TASK: The task calls for every entry to be printed word for word, without the images.

(Short web captions)
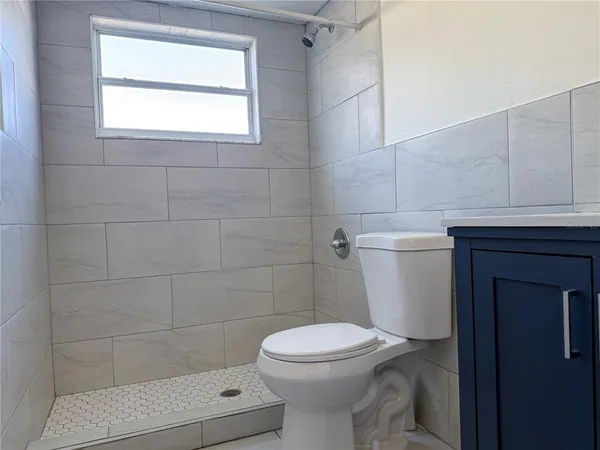 a white toilet sitting next to a bathroom sink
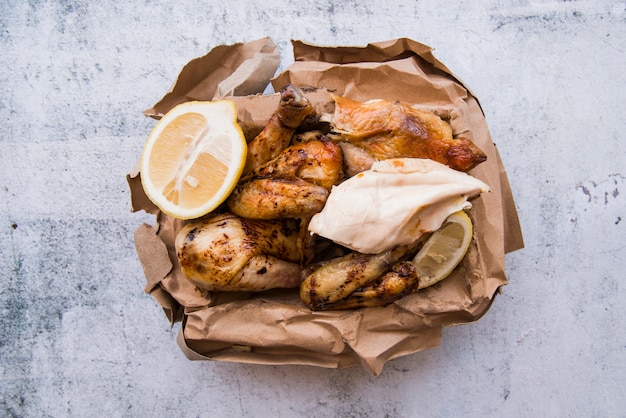 Overhead view of boiled and roasted chicken with lemon in brown paper over concrete background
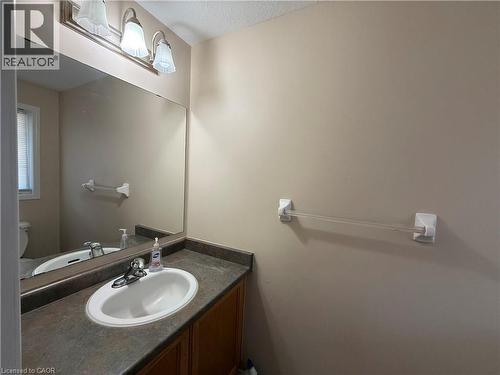 Vanity with an integrated white sink, chrome faucet, and dark countertop - 11 Hackberry Street Unit# 1, Kitchener, ON - Indoor Photo Showing Bathroom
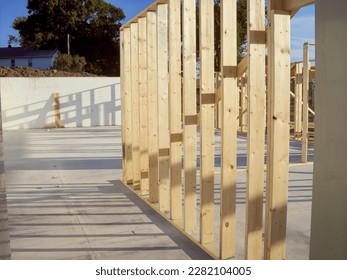 Wall frame being built on a slab-on-grade single story berm home.  - Shutterstock ID 2282104005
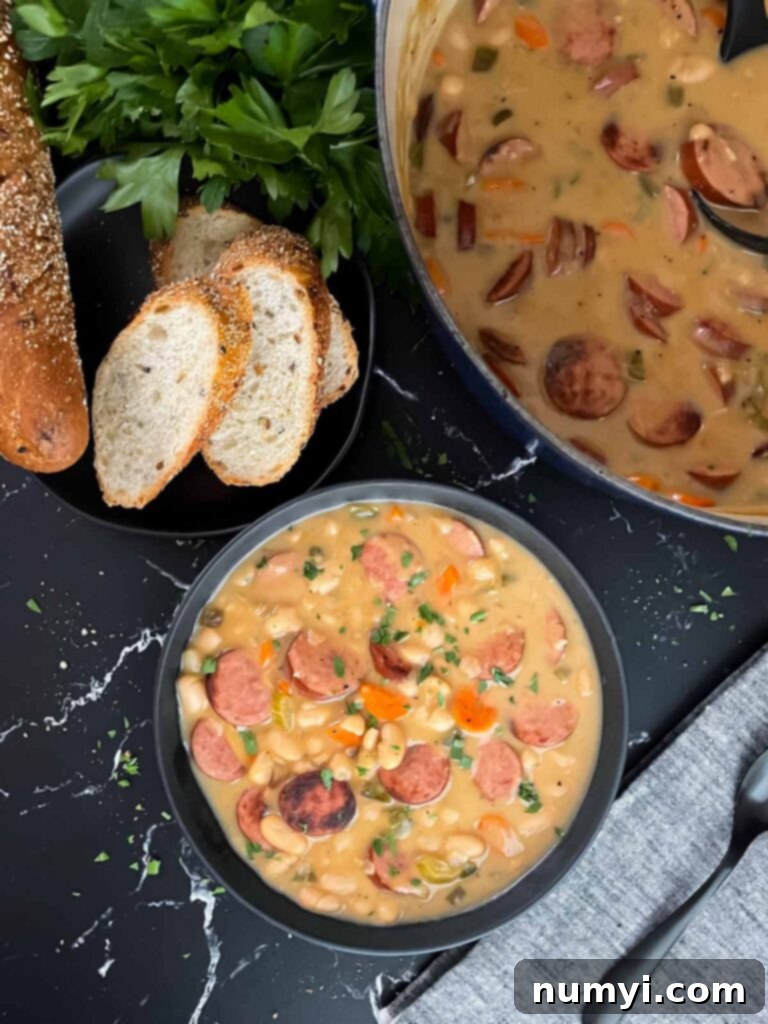 A close-up shot of creamy bean soup with smoked sausage in a bowl, showcasing its rich texture and appetizing ingredients, with bread and parsley in the background.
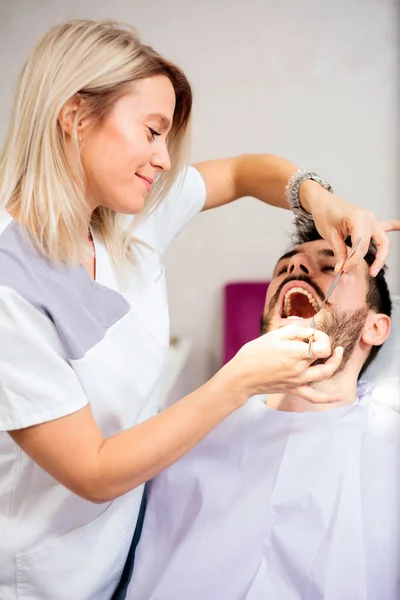 Hermosa dentista joven examinando paciente masculino joven en clínica dental —  Fotos de Stock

TASK RESULT:
 a white toilet sitting next to a bathroom sink
 Overhead view of boiled and roasted chicken with lemon in brown paper over concrete background
 Vanity with an integrated white sink, chrome faucet, and dark countertop - 11 Hackberry Street Unit# 1, Kitchener, ON - Indoor Photo Showing Bathroom
 Wall frame being built on a slab-on-grade single story berm home.  - Shutterstock ID 2282104005
 A close-up shot of creamy bean soup with smoked sausage in a bowl, showcasing its rich texture and appetizing ingredients, with bread and parsley in the background.
 Hermosa dentista joven examinando paciente masculino joven en clínica dental —  Fotos de Stock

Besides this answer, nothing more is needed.